__Brief__.
Across the entries below, determine how many lines include the word "Long". State only the resulting number.

__________________________________________________

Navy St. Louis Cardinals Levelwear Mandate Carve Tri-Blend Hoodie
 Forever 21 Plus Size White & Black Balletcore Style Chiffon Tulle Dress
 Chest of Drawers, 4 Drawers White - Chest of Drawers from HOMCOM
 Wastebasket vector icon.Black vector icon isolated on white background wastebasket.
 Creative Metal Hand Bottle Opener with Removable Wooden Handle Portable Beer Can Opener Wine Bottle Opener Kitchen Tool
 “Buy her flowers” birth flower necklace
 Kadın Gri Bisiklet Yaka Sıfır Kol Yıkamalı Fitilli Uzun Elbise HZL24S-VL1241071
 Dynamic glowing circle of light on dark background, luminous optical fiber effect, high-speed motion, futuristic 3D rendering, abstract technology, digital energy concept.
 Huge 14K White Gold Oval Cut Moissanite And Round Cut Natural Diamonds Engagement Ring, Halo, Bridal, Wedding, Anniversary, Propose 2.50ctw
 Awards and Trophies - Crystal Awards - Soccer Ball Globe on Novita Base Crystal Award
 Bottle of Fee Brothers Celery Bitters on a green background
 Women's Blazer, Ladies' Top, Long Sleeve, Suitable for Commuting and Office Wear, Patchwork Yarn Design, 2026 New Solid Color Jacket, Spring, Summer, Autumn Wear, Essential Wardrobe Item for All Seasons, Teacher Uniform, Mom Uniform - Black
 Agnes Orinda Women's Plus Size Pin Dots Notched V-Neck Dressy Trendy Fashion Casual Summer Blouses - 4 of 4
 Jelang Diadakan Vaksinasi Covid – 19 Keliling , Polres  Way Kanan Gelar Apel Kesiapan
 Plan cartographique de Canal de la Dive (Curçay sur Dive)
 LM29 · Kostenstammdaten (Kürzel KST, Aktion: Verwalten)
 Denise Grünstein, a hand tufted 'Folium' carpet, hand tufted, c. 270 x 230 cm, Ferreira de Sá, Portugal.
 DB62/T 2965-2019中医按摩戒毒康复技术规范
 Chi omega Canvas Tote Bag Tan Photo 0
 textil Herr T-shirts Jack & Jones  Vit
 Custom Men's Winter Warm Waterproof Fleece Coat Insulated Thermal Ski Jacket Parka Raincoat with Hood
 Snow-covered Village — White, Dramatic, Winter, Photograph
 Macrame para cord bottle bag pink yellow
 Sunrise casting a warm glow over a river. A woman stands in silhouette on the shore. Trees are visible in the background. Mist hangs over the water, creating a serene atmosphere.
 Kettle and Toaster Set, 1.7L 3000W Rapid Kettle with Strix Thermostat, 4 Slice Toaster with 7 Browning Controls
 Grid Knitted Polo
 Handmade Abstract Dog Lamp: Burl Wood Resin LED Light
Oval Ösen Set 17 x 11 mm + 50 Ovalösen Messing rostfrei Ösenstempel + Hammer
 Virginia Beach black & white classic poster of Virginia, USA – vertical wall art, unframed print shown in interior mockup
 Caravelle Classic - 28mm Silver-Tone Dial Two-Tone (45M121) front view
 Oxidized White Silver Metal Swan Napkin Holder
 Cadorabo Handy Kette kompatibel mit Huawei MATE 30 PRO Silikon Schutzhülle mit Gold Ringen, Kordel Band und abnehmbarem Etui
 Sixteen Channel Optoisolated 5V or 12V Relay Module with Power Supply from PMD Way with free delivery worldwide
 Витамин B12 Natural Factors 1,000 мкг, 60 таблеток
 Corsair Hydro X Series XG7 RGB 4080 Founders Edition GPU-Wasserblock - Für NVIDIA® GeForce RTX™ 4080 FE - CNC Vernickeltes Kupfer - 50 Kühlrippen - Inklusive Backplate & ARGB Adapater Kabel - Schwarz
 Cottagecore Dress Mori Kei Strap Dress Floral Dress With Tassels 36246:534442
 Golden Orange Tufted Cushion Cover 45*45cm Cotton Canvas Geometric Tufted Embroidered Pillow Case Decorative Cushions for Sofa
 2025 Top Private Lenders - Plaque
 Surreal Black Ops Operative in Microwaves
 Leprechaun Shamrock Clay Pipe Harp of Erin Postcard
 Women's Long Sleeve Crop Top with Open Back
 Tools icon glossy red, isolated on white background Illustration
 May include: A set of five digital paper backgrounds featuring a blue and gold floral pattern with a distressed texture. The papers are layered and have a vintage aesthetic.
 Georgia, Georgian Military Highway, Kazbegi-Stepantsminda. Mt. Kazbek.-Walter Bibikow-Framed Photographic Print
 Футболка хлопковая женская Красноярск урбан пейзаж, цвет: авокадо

__________________________________________________

__Output of the exercise__.
2